* _Dataset excerpt_:
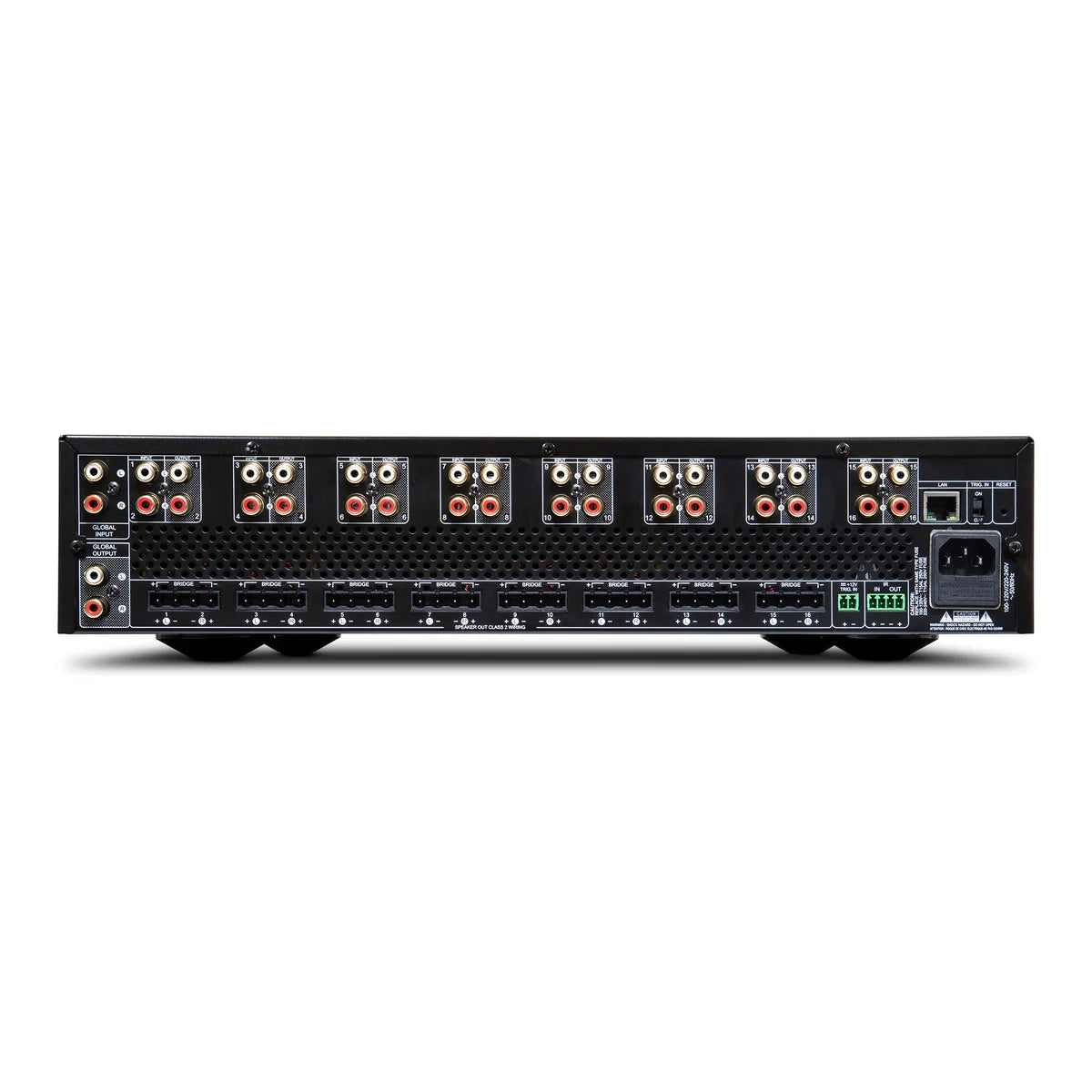 NAD CI 16-60 DSP V2v MULTI-CHANNEL NETWORK POWER AMPLIFIER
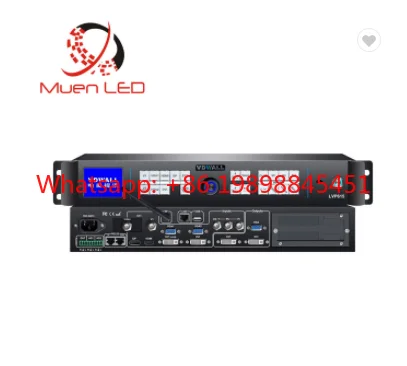 

MuenLed LVP615 Series 2K LED Video Processor Seamless Switch PIP/PBP for Video Wall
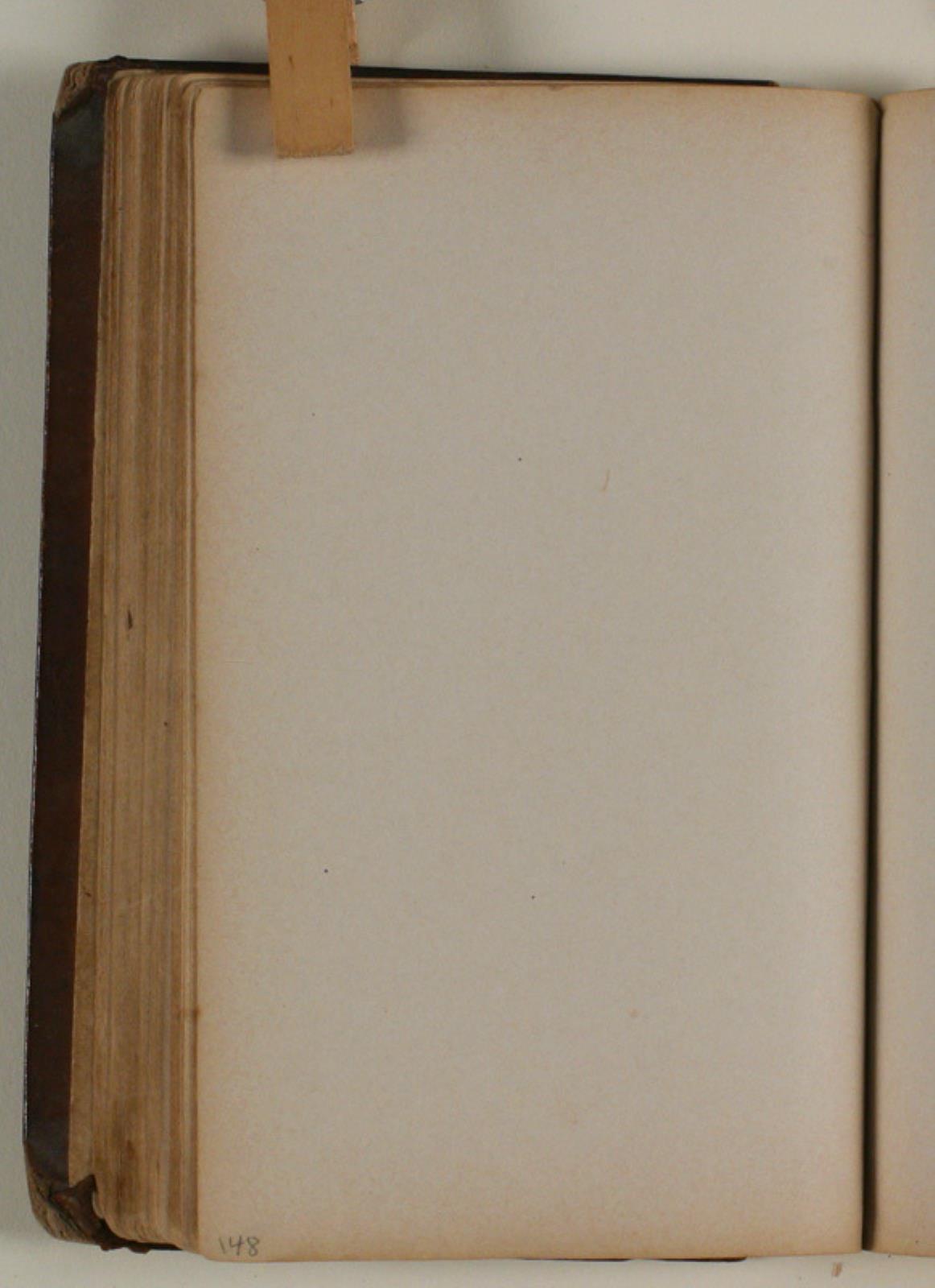 Niels Larsen Stevns, Blank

* _Exercise details_:
Leaving the pictures aside, transcribe the entire listing exactly.

* _Result for this exercise_:
 NAD CI 16-60 DSP V2v MULTI-CHANNEL NETWORK POWER AMPLIFIER

MuenLed LVP615 Series 2K LED Video Processor Seamless Switch PIP/PBP for Video Wall
 Niels Larsen Stevns, Blank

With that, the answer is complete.